Cloud connectivity: The architecture of traditional WANs was designed long before the invention of cloud computing. It was built on the premise that applications are hosted in a centralized data center, so traffic from branches needs to travel back to that data center to access those applications. Under that model, it’s the most direct route to applications.

But with an increasing number of cloud-based apps, backhauling traffic to a central data center before routing it to the cloud slows down the network and degrades application performance. SD-WAN can transport data directly from the branch to the cloud.

Security: When asked about their top SD-WAN concerns, 36 percent of worldwide respondents ranked security first, and 72 percent put it in their top three, according to a 2018 survey by Gartner. Security is also a main driver of SD-WAN adoption. The capability to provide a secure overlay to trusted devices over an insecure medium, such as the internet, is mandatory. However, additional key security capabilities such as application-based firewalls, intrusion prevention systems, URL filtering and other unified threat management capabilities allow organizations to consider moving to a decentralized security model.

Instead of backhauling cloud traffic to the corporate data center for inspection before routing it to the cloud, an SD-WAN solution leveraging these advanced security features can connect branches to cloud-based apps through secure direct internet access. Organizations can utilize multiple ways to get access to these security features, such as being embedded directly in the SD-WAN software stack or in integration with other cloud-based security services.

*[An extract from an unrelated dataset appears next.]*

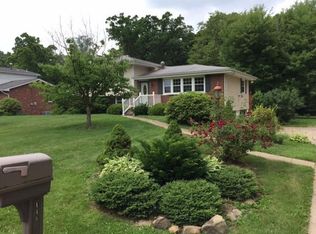 148 Curtis Dr, Beaver Falls, PA 15010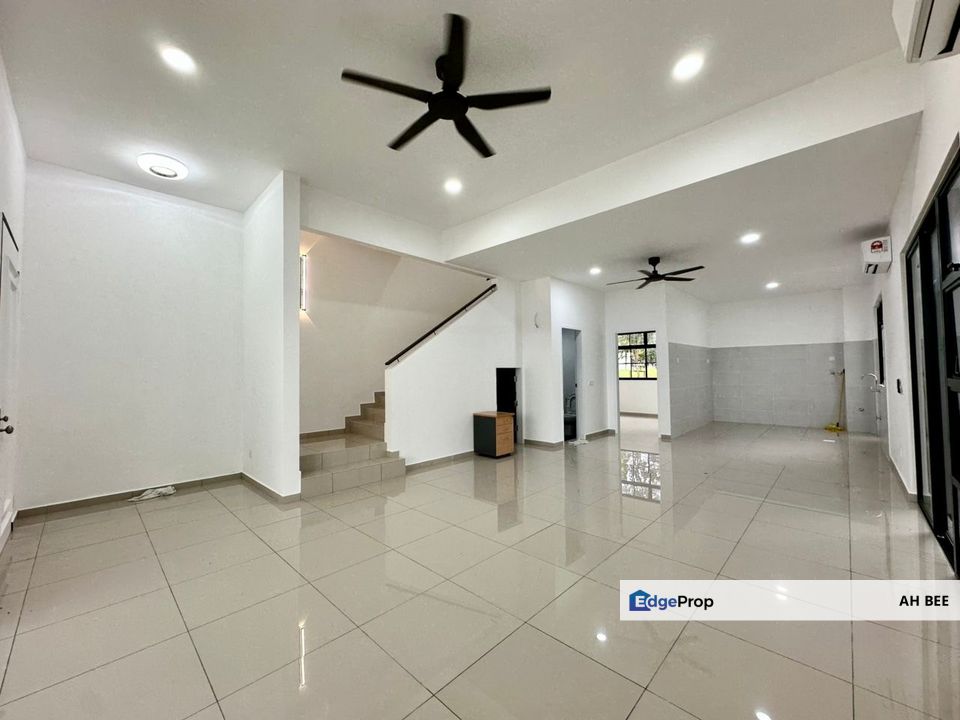 Eco botanic 2 @ The borough double storey for rent, Johor,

Visibility into network operations and traffic: Seventy percent of application outages stem from network issues. In most organizations, users are employing more bandwidth-heavy applications, more of which are cloud-based or SaaS solutions, and they’re using more devices, resulting in network congestion, packet loss and outages. SD-WAN provides administrators with a bird’s-eye view of the network, so they can easily pinpoint issues in the network and take immediate steps toward resolution. This visibility can also greatly assist administrators in capacity and application prioritization planning to proactively improve user experience.

Application control and prioritization for quality of service: SD-WANs allow administrators to route some traffic using multiprotocol label switching and some on more affordable broadband internet circuits to ease congestion, improve application performance and reduce networking costs, ultimately resulting in improved user experience.

In addition to giving administrators the ability to route traffic along different forms of transport, they can easily prioritize mission-critical applications over others. That way, users on a videoconference sales call aren’t hampered by network traffic from colleagues watching YouTube videos during their lunch break. Using quality of service capabilities in SD-WAN solutions, administrators can deprioritize less important apps to ensure that critical applications have the performance they need.

Centralized management: On a traditional WAN, the control plane is housed within each router on the network, and traffic is routed along a hop-by-hop architecture. New policies or changes require complex manual configurations, generally to multiple devices.

By shifting the control plane from the branch routers to a central tool, administrators can see across the network and manage it simply by centrally pushing out policies to all the branches. They can even bring new branches online remotely within hours. That simplifies and strengthens network management, giving administrators more control over traffic, security and application prioritization.

Support for a cloud-first strategy: All of the above use cases — branch and cloud connectivity, security, visibility into network traffic, application prioritization and centralized management — come together to make SD-WAN the right solution to support the cloud-first strategies deployed by many organizations. Traditional WANs were designed for applications hosted in a central data center. SD-WANs were created for the specific demands of cloud computing.